Forests are home to 80% of the world's terrestrial biodiversity, playing a very vital role in supporting the life of all living things. We depend on forests for our survival, from the air we breathe to the wood we use.
Here are 5 interesting facts about how world’s forests safeguard people’s livelihood amid pandemic:
Forests Provide Green Jobs
Forests provide more than 86 million jobs worldwide and support the livelihoods of more people. Wood from well-managed forests supports a wide variety of industries, from paper to construction. Investments in forest restoration are believed to recover the world economy from the pandemic by creating more jobs.
An Estimated 880 million People Collect Fuelwood or Producing Charcoal
One third of the world's population still rely on woodfuel to meet their basic energy needs. Woodfuel, which includes firewood and charcoal, remains one of the most affordable and accessible sources of energy for people affected by the pandemic as supply chains of other energy sources are disrupted and opportunities for generating income decline.
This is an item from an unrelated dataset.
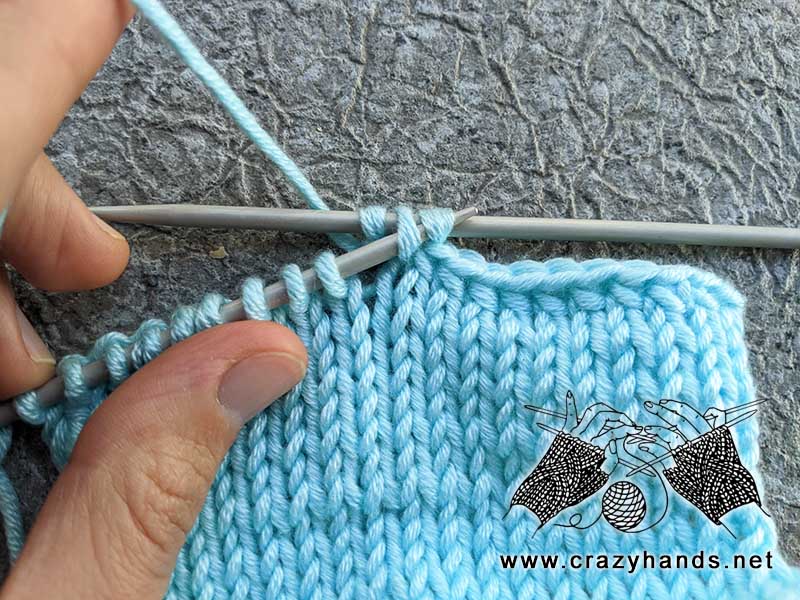 knit non-rolling bind-off stockinette stitch - step 2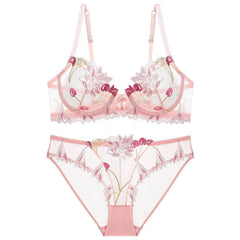 Trimmed Lace Cherry Double Strap Bra Panty Set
90% of People Living in Extreme Poverty Are Dependent on Forests
Forests contribute 20 to 25 percent of household income. Forests and trees help insure people from risks such as loss of crops so that most of the poor can avoid sinking into poverty. In addition, the sale of forest products and trees and improve soil fertility, water supply and other services that support their livelihoods.
Non-Consumptive Forest Biodiversity Improve Livelihoods of Rural Communities
The use of non-consumptive forest biodiversity, such as recreation and tourism, is also a source of income for rural communities. Each year, an estimated 8 billion visits are made to protected areas, many of which are covered in forest.
Forests and Trees Provide Safety Nets for Indigenous People
Indigenous peoples are categorized “vulnerable” people, due to higher rates of communicable and non-communicable diseases, high mortality rates and lower life expectancy (UN DESA, 2020). Forests provide safety nets for them to face the pandemic and protect from the risk of COVID-19 infection by retreating deeper into the forest to find food, fuel and dwelling.
Nevertheless, the world's forests continue to be exploited. Deforestation and degradation are taking place at an alarming level leading to biodiversity loss. Since 1990, it is estimated that 420 million hectares of forest have been lost through conversion to other land uses. Since 1990, the area of primary forest worldwide has decreased by more than 80 million hectares.
Forests are not only shelter for all living things, but also the source of life. After understanding how important forests are to human life, it is appropriate that we preserve them for generations to come.